Economic and Ecological Durability
The emergence of market gardening in Cleveland has elevated its potential for job creation or economic development. On the east side of Cleveland, the Burten, Bell, and Carr Community Development Corporation has been instrumental in creating an Urban Agriculture Innovation Zone, a 28 acre patchwork of vacant properties being utilized to support urban food enterprises in an area known as The Forgotten Triangle. The zone includes the 1.5 acre Rid-All Green Partnership, founded by Damien Forshe, Keymah Durden, and Randy McShepard, who grew up in the neighborhood. Rid-All is a regional training center supported by Will Allen’s Growing Power operation in Milwaukee. The farm produces vegetables, tilapia, and compost. In addition, Ohio State University Extension received a Beginning Farmer grant from the U.S. Department of Agriculture to establish a six acre urban farming incubator in which gardeners are given plots of land to initiate small urban farming enterprises.48 Food raised in the zone serves local markets, including the Bridgeport Café, which offers healthy food and a training kitchen to encourage cooking and value-added food production. In this same neighborhood, the worker-owned Green City Growers Cooperative, a five acre hydroponic lettuce production facility, projects eventual year-round employment for 35 workers from the surrounding neighborhood.
Urban agriculture also provides indirect economic benefits, including increases in property values. A pilot study conducted by researchers at the Cleveland Botanical Garden and Oberlin College combined literature review, field study, and quantitative analysis to estimate benefits associated with urban agriculture in Cleveland. A total of 55 urban agriculture operations were randomly surveyed from a list of 241 community gardens and 31 market gardens. Economic and ecological analyses including benefit transfers from other studies were used to estimate physical and economic benefits of urban agriculture. The results indicated that converting vacant land to urban agriculture in Cleveland generates a total economic benefit of about $42,000/acre annually and four full-time-equivalent seasonal jobs.49 In addition, hedonic price approach – a method widely used for assessing economic impact of environmental amenities – was carried out through spatial analysis and multiple regressions to determine whether urban agriculture has an impact on neighborhood property values. The findings suggest that homes within 400 meters of a garden see an average 3 percent increase in property values in the Cleveland area.50
Ecologically, urban agriculture provides a range of benefits, including stormwater mitigation, reductions in air pollution and carbon emissions, and restoration of degraded ecosystems. Smart Growth strategies emphasize the importance of creating green corridors to augment biodiversity and improve ecological connectivity in cities. These spaces mitigate stormwater impacts by reducing impervious surfaces and absorbing water in organic soils. Other ecological amenities include reduced urban heat islands, preservation of heirloom varieties and locally adapted seeds, increased biodiversity, and composting of food waste. Field surveys in Cleveland revealed notable increases in birds and wildlife around gardens, indicating increased habitat for urban wildlife or migrating birds.
Urban agriculture also presents a potential climate change mitigation strategy.
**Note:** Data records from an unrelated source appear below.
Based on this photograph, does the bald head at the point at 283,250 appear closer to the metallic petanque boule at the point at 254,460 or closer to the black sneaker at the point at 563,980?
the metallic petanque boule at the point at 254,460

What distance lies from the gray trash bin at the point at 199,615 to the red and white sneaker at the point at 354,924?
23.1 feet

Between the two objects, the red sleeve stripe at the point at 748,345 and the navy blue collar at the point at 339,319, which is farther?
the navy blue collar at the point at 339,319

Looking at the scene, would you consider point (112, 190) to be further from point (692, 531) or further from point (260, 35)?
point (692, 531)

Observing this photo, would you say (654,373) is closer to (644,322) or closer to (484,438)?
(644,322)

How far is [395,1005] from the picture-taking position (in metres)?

The distance from farm to table is minimized with many urban farms marketing directly to restaurants or farmers’ markets in their immediate neighborhood. This reduces carbon emissions resulting from food shipped in from outside of the city. Further, as food prices continue to climb globally and increased drought, flooding, and severe weather disrupt global food production, urban agriculture can provide an increasingly cost effective way to safeguard local food supplies.
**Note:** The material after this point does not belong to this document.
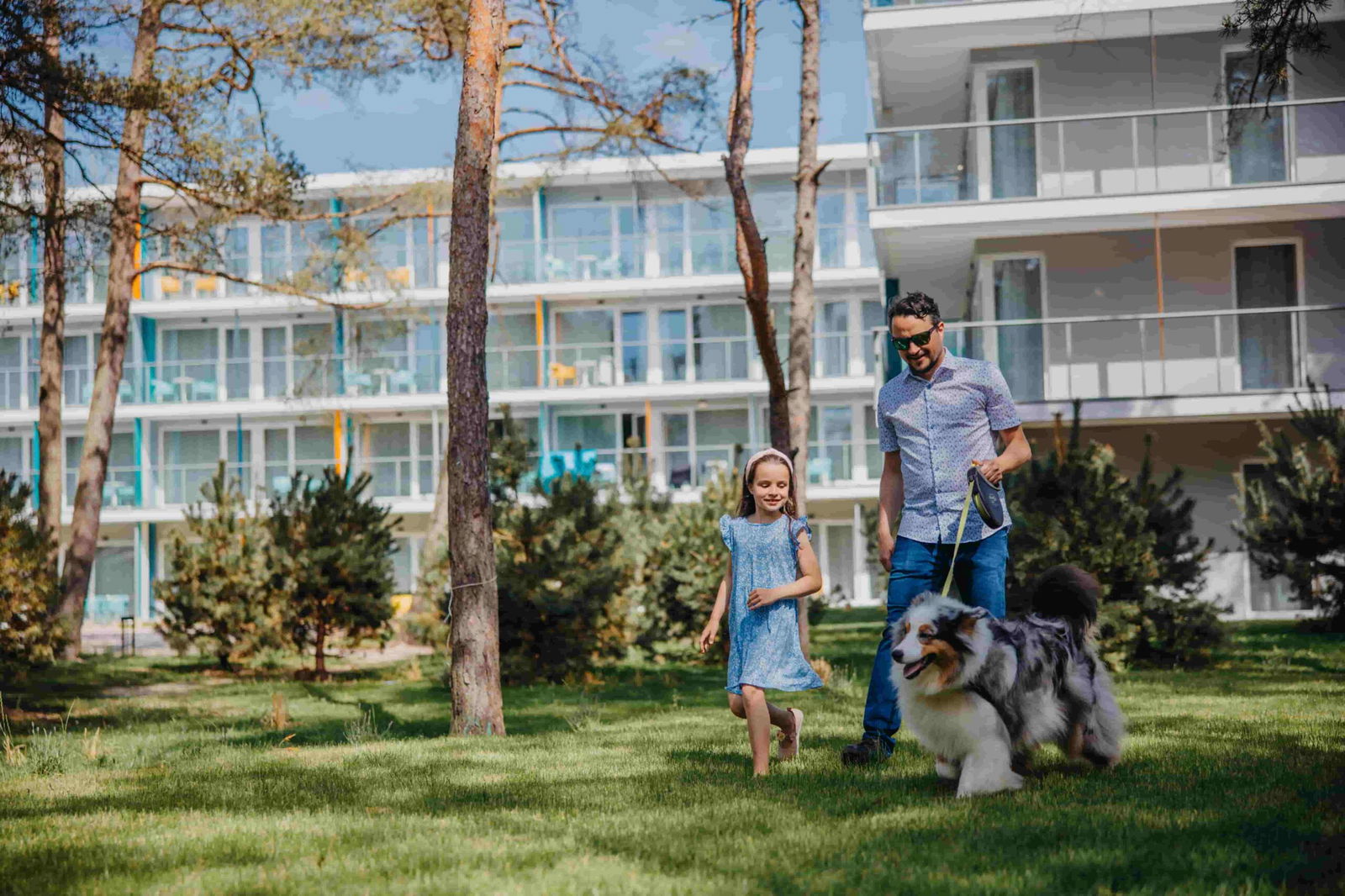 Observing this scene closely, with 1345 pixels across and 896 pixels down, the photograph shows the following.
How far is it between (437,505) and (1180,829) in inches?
680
In this article, we explored Cleveland as a case study to ask whether or not urban agriculture can be considered durable. That is, whether it is a short-term response to an immediate vacant land crisis, or alternatively, if it has staying power and can contribute to creating a more resilient city. We identified the following four criteria that can be used to assess the durability of urban agriculture:
• Social and Cultural Durability: Does it offer opportunities for participation by diverse communities as both producers and consumers?
• Political Durability: Is there collaboration between grassroots community initiatives and institutional policy makers to create a supportive environment for urban agriculture?
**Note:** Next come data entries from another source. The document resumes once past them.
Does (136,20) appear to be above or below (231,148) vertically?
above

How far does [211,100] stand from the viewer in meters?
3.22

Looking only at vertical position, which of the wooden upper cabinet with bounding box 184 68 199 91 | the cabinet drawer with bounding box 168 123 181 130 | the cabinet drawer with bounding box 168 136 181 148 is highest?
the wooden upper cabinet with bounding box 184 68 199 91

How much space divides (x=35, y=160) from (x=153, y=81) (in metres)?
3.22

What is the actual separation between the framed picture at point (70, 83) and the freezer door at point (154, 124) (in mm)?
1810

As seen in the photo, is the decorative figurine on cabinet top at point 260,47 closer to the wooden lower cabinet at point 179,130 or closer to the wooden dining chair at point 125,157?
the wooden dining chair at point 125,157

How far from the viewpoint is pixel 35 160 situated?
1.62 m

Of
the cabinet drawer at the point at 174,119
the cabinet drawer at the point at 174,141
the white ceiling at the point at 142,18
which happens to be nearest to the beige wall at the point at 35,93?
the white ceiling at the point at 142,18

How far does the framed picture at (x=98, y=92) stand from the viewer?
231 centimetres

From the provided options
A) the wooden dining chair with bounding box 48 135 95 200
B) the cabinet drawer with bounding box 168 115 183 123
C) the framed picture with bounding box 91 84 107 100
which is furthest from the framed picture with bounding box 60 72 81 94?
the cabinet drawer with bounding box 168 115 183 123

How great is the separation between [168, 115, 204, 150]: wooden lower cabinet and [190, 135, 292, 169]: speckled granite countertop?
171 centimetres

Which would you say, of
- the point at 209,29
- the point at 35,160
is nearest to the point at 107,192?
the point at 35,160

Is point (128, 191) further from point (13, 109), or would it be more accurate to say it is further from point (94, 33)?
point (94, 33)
• Historical Durability: What historical forms of agriculture have taken place within a city, and what can be learned from earlier expressions of urban agriculture?
• Economic and Ecological durability: Can urban agriculture pass the test of sustained economic feasibility−providing value that can measure up against alternative land uses under different economic circumstances? What valuable ecological services (such as stormwater mitigation or climate change adaptation) does it provide?
The Cleveland case study reveals key features of urban agriculture as a durable component of a green city development strategy to address the problems of deindustrialized cities:
• vacant lands and devalued urban properties;
• decline of retail grocers and healthy food options;
• economic underdevelopment and population loss;
• and urban design that lacks green spaces, biodiversity corridors, provisions for recreational activities, venues for social interactions, and opportunities for cultural practices.
The following solutions can address these problems and create a foundation for building more durable urban communities across the Great Lakes and beyond:
• Food Democracy: A durable urban agriculture cannot be cultivated without the participation and mutual support of multiple communities and neighborhoods. In other words, a durable urban food movement is not solely a privilege of the wealthy or a social intervention for lower-income communities.
• Grassroots Entrepreneurship: In a durable and resilient system, power and authority are dispersed throughout the community, and there are a number of entry points for the practice of urban agriculture available to residents. Projects remain in the long-term control of neighborhoods.
• Supporting Government: Local government can recognize the broader benefits and facilitate the spread and continuation of urban agriculture through enabling land-use policies and transparent processes for access to necessary elements such as land, funding, and zoning.
• Beyond Just Market Values: Urban agriculture can create jobs or economic opportunity, but it also creates non-market benefits such as improved nutrition, more cohesive communities, and essential ecological services.